Town in Helmand Province, Afghanistan

Nawzad (نوزاد; also Now Zad) is a small town, the centre of Nawzad District in Helmand Province, Afghanistan. It is located at at an altitude of 1221 metres ASL. It was the site of the Battle of Nawzad.

Surrounded to the southwest and east by mountains, the town consists of a bazaar, one road, and a maze of mud-brick houses and compounds, interspersed with narrow alleys. The local economy traditionally revolves around opium poppy farming. Like much of Afghanistan, Nawzad and the surrounding area were largely peaceful after the 2001 invasion.

The animal rescue charity Nowzad Dogs, founded by Pen Farthing, is named after the town.

==Climate==
With an influence from the local steppe climate, Nawzad features a cold semi-arid climate (BSk) under the Köppen climate classification.
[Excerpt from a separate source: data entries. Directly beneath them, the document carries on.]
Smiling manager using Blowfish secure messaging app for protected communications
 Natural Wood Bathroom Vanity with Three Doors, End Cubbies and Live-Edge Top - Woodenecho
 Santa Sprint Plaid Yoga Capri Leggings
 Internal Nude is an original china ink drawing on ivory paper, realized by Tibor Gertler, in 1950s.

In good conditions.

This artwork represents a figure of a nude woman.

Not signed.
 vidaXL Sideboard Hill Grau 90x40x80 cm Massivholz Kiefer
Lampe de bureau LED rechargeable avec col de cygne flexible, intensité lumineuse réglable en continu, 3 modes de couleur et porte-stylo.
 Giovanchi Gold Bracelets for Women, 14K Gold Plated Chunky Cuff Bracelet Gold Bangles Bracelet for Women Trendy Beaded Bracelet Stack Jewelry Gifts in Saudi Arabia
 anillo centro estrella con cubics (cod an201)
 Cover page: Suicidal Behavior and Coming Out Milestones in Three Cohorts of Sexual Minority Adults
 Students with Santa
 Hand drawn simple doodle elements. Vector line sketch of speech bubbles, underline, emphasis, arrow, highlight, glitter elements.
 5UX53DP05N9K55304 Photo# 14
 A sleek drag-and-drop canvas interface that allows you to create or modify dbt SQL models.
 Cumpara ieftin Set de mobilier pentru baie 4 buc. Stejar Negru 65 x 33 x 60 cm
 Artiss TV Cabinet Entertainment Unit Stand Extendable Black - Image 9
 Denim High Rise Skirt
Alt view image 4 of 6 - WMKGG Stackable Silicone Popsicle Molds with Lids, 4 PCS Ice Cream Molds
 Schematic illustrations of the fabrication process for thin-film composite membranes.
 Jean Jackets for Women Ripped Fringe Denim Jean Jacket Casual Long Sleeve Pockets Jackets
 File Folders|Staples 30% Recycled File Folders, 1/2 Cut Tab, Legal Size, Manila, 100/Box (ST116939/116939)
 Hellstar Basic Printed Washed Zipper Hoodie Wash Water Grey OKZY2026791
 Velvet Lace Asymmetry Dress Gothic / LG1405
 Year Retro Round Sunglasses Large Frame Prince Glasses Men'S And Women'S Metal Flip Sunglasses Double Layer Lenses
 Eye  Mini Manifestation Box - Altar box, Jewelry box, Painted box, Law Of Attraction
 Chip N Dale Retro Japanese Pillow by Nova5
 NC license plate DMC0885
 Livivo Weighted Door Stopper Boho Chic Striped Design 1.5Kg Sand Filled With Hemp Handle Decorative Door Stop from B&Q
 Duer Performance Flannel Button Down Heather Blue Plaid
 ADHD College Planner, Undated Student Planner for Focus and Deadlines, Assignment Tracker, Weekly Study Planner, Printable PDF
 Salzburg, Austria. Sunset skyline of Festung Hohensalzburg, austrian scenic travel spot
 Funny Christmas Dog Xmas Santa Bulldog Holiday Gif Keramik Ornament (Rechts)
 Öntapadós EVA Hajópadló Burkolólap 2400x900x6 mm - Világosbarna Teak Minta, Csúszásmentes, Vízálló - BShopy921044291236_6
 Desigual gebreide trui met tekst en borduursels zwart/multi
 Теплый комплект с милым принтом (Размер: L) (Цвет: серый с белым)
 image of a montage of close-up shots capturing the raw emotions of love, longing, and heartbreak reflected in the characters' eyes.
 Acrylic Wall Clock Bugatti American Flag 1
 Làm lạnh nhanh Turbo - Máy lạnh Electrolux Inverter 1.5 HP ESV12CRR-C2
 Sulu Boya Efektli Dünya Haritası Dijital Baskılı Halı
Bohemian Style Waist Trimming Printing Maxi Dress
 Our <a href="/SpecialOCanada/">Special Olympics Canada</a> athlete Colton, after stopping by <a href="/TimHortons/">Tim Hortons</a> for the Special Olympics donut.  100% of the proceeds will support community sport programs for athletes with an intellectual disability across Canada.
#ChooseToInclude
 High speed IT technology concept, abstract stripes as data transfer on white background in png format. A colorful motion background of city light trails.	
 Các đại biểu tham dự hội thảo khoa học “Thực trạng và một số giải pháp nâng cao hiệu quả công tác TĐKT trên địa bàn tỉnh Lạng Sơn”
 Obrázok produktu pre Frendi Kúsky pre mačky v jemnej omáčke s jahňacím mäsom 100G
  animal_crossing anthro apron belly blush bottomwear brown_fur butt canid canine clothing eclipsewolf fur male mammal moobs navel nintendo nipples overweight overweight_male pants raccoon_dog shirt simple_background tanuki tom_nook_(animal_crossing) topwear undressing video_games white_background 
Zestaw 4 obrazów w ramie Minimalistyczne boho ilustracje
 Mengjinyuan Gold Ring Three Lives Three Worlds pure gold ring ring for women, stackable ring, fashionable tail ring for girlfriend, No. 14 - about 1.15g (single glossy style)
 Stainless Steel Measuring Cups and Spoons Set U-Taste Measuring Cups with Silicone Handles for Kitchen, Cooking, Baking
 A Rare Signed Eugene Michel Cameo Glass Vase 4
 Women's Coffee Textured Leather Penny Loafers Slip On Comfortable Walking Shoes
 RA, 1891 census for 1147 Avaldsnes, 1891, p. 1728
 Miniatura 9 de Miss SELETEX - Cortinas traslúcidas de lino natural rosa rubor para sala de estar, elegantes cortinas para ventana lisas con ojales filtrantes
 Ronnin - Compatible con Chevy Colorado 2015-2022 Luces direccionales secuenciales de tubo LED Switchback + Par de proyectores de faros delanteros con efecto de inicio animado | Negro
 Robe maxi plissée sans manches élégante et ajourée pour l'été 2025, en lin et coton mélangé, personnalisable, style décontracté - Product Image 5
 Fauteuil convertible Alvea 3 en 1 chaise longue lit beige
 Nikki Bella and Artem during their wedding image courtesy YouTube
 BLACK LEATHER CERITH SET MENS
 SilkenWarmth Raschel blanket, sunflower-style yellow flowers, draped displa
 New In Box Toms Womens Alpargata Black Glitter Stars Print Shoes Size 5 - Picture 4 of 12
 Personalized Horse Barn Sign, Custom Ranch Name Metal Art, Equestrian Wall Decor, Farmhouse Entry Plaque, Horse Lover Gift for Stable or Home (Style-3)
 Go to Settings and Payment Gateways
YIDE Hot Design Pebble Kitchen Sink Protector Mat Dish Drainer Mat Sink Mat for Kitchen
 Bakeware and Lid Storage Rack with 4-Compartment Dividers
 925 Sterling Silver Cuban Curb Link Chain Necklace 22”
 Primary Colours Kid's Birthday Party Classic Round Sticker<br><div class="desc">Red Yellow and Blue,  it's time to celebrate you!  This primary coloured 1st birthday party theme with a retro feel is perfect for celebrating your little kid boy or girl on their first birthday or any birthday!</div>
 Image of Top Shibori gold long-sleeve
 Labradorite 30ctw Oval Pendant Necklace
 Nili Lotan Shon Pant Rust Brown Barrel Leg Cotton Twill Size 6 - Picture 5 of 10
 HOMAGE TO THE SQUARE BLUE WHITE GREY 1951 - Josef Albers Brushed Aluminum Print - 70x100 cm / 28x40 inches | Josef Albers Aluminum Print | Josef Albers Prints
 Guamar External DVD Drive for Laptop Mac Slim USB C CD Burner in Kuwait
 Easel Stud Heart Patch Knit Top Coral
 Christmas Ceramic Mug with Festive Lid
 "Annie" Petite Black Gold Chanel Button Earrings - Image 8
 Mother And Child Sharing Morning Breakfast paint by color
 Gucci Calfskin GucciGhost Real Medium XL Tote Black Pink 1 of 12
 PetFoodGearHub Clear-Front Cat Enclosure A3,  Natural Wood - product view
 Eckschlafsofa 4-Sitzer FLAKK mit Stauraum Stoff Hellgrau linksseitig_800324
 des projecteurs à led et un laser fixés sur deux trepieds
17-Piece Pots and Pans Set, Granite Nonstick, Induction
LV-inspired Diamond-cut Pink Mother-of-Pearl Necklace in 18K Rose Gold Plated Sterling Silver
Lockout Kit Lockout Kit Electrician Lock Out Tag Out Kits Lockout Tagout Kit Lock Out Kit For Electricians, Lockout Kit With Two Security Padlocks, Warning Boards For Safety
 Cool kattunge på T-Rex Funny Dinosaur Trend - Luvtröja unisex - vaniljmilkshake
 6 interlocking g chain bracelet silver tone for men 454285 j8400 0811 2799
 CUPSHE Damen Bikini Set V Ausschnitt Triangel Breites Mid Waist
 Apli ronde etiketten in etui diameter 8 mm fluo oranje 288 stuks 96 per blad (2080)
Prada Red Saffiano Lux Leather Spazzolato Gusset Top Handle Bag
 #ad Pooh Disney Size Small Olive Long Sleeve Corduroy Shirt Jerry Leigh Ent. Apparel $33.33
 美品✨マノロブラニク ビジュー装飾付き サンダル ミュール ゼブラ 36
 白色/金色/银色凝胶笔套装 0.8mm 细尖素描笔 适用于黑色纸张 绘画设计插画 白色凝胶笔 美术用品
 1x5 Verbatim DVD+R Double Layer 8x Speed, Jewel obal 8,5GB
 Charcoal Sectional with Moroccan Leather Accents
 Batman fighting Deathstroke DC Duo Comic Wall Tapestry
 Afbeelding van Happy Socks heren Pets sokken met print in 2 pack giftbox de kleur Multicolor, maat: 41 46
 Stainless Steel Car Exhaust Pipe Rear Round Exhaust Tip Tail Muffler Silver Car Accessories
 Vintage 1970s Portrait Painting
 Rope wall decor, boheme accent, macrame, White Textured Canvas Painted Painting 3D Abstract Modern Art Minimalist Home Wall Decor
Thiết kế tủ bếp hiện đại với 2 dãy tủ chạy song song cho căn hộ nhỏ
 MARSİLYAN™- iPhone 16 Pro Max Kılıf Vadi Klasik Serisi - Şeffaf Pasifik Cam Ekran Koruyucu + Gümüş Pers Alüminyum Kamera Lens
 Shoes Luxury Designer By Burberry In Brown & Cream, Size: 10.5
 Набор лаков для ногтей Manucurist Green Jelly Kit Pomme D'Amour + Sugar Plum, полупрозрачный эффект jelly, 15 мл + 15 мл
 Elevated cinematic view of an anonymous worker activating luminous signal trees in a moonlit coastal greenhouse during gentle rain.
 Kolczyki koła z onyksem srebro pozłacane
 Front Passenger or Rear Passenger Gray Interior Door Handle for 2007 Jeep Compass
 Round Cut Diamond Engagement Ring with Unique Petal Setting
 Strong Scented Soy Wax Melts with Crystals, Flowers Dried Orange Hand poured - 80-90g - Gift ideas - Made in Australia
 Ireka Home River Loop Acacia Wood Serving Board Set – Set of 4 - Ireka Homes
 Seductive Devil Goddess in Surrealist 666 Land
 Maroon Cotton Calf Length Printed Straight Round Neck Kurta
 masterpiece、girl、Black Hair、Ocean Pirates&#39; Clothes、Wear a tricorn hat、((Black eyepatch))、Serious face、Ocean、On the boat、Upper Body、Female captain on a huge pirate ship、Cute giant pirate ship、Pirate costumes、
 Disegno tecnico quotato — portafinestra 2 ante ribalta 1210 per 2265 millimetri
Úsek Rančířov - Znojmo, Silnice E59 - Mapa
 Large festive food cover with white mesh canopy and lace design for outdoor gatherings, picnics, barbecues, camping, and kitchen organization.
The average temperature in Nawzad is 16.0 °C, while the annual precipitation averages 162 mm.

July is the warmest month of the year with an average temperature of 28.8 °C. The coldest month January has an average temperature of 2.9 °C.

Climate data for Musa Qala
| Month | Jan | Feb | Mar | Apr | May | Jun | Jul | Aug | Sep | Oct | Nov | Dec | Year |
| Mean daily maximum °C (°F) | 9.5 (49.1) | 11.9 (53.4) | 18.6 (65.5) | 24.9 (76.8) | 31.0 (87.8) | 36.6 (97.9) | 38.1 (100.6) | 36.6 (97.9) | 32.0 (89.6) | 25.8 (78.4) | 18.1 (64.6) | 12.2 (54.0) | 24.6 (76.3) |
| Daily mean °C (°F) | 2.9 (37.2) | 5.4 (41.7) | 11.4 (52.5) | 17.0 (62.6) | 22.2 (72.0) | 26.9 (80.4) | 28.8 (83.8) | 26.7 (80.1) | 21.5 (70.7) | 15.7 (60.3) | 9.1 (48.4) | 4.6 (40.3) | 16.0 (60.8) |
| Mean daily minimum °C (°F) | −3.4 (25.9) | −1.0 (30.2) | 4.3 (39.7) | 9.2 (48.6) | 13.4 (56.1) | 17.2 (63.0) | 19.5 (67.1) | 16.9 (62.4) | 11.0 (51.8) | 5.7 (42.3) | 0.2 (32.4) | −3.0 (26.6) | 7.5 (45.5) |
Source: Climate-Data.org

==Conflict==

During the early post-Taliban years, the town thrived, helped by irrigation from the Helmand and Arghandab Valley Authority. People came for miles to its bazaar; the United Nations even began building a school. But by early 2007, the estimated 10,000 civilian population, including Nawzad's police force, had fled, driven out by violence from returning Taliban insurgents.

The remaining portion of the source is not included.